During a heightened-alert time in the area, when there was a serial killer in Tampa and people weren't able to go out, when these murders were taking place, we were able to see firsthand what [the police] were going through, able to relate to them, and able to have a normal conversation, kind of like we're having. Not necessarily have it be about the protest or what else was going on, but just to chat.

On whether he would protest again:

Would I? Yeah, of course. I mean, I obviously have to be passionate enough about something for that to happen. I don't have plans to do anything in the future, but I don't know what's going to happen in the future. I don't know what issues are going to be brought to light and what's going to impact me and impact my family.

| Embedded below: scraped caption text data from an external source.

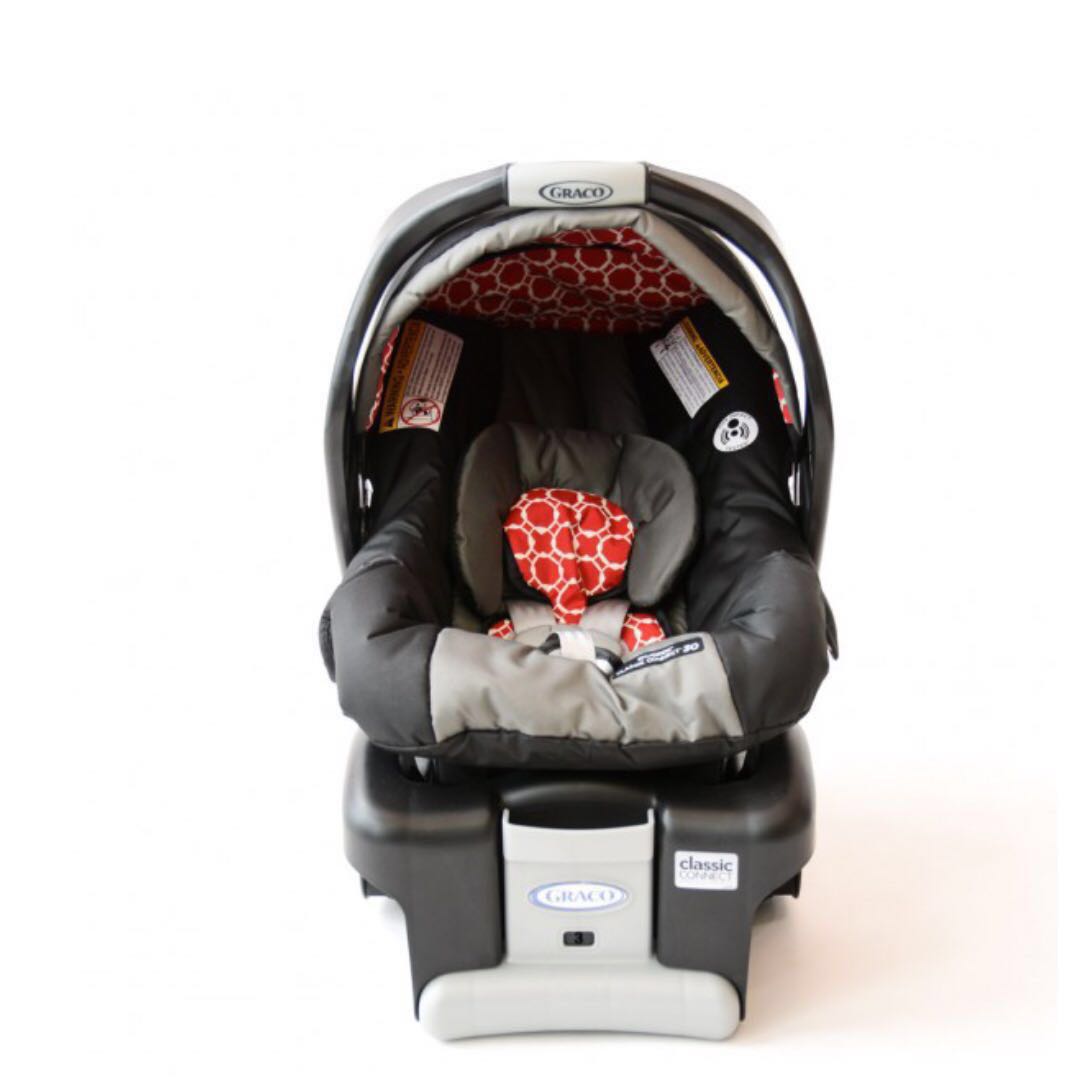 classic connect base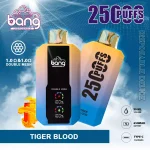 Bang 25000 25K Puffs Vape 12 Flavors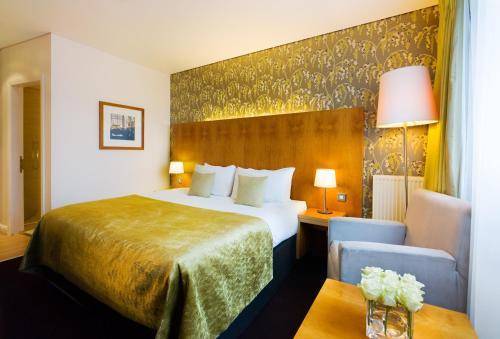 Apex Haymarket Hotel, Edinburgh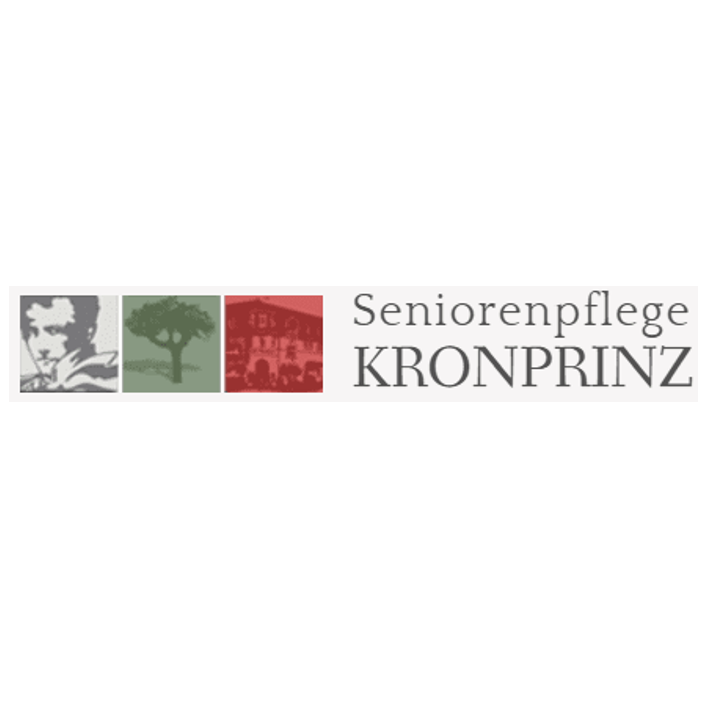 Seniorenpflege Haus Kronprinz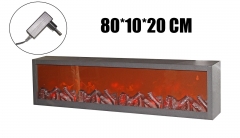 122 Dekorativni kamini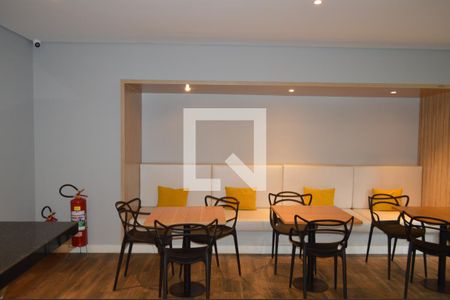 Apartamento à venda com 56m², 2 quartos e 1 vagaÁrea comum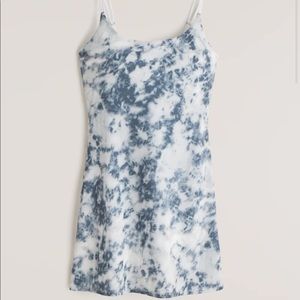Abercrombie Traveler Dress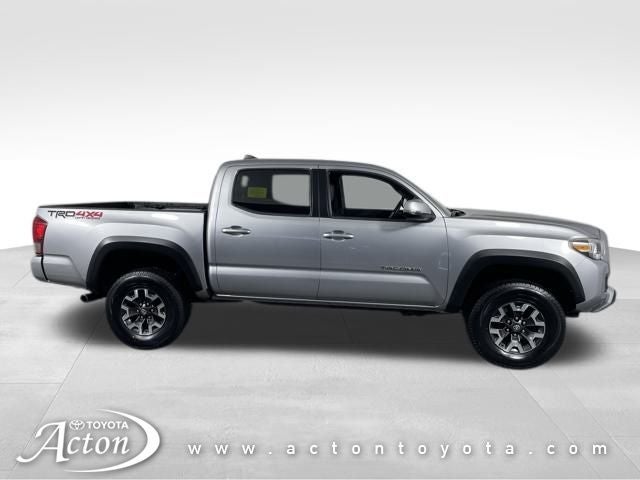 2016 Toyota TACOMA TRD OFFRD TRD Off-Road V6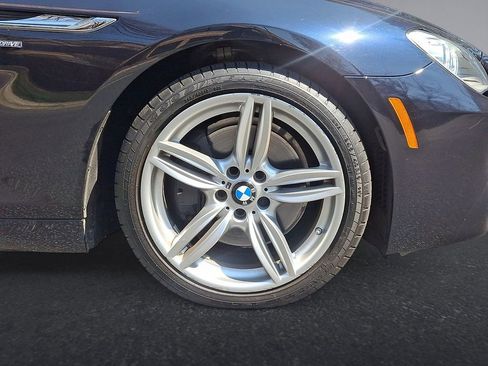 Used 2012 BMW 650i xDrive Coupe AWD/4WD image 27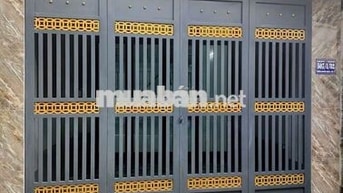 nhà DT 4 x 20 . Giá 2 tỷ 630 . Đường Nguyễn Thị Tú hẻm 205/1/32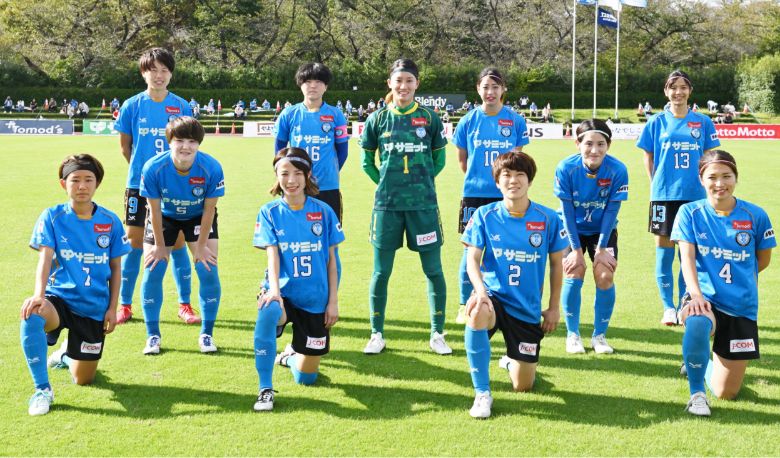 地域のスポーツチームを支援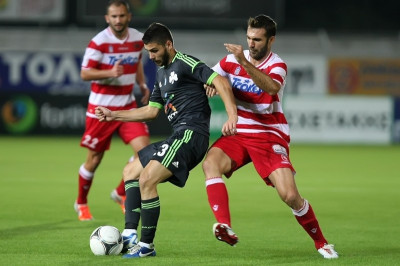 Αναστασάκος: «Δεν κερδίζεις κάθε μέρα τον Παναθηναϊκό»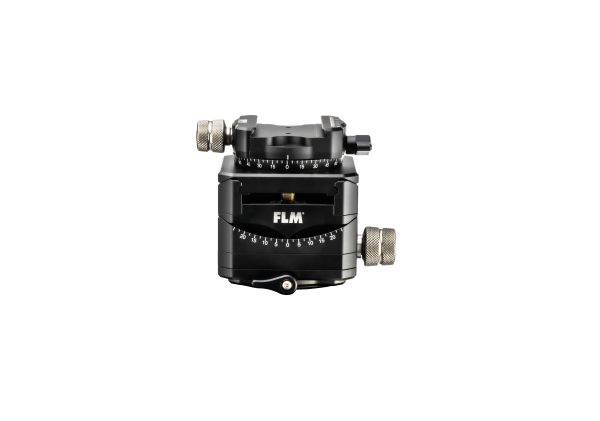 FLM GE73 Geared Head - Image 6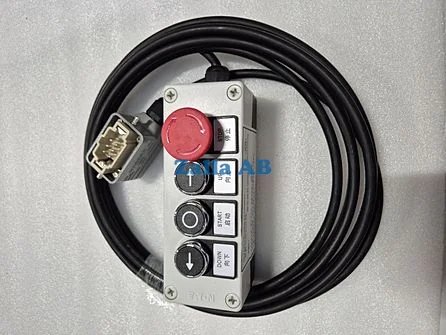 Inspection Box TKE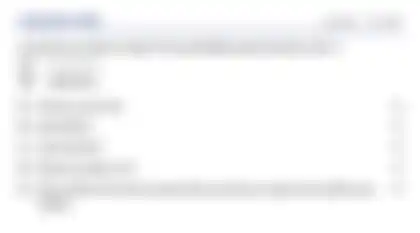 Blurred preview of the question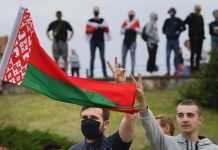 Белорусы, освобождённые из СИЗО, рассказали о пережитых унижениях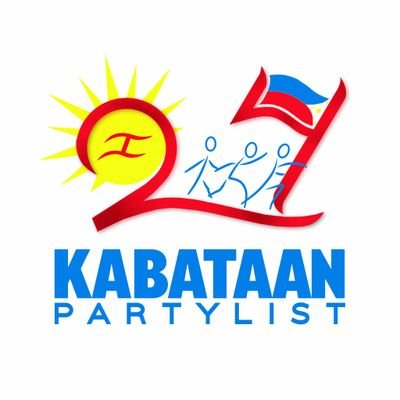 KABATAAN PARTYLISTさんのプロフィール画像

On threats his family has received:

You still get some negative things every now and then. I think you don't get to where were are now without some negativity. Obviously, a lot of it is on the internet, and you don't know who is sending it. You don't know if it's legitimate or they're 10-year-olds just tweeting things out or saying things on the internet. So you try to take it with a grain of salt, but obviously threats on someone's life are a little bit different. If you do something wrong in a game, and you look at Twitter, you're going to see some negative things.

On whether the NHL is an inclusive league:

I feel like when you go to different teams, they don't care whether you're black, white, you're from Sweden. It doesn't matter where you are. At least from that standpoint, yes, everything is inclusive. Everybody understands that we're all here for the same purpose: to win. So they don't care where you're from, who you are, what's your background, [if] you're religious. Doesn't matter.

On how hockey can become more inclusive:

I think a lot of it is grassroots programs. The hardest thing is that hockey is an expensive sport. It's not something that you can pick up as easily as basketball, football, soccer or even baseball -- where, for the most part, your pads were from the association, everyone gets to play, all you had to do is pay the registration fee. If you want to play basketball, you can go to Walmart or Target, pick up a basketball and go to your local gym.

It's not as easy with hockey -- especially in warmer climates, where they don't have the ice. In Minnesota, yeah, you can get a pair of skates and go on the pond to practice and get better and enjoy the sport more. But ice time is expensive. Equipment is expensive.

Different things that the league and teams are doing and teams -- giving out gear and setting up programs to teach people how to skate at an earlier age -- those are all key things because hockey is such an expensive sport. If you can't get more people and more diverse communities involved, it's going to be hard to grow it.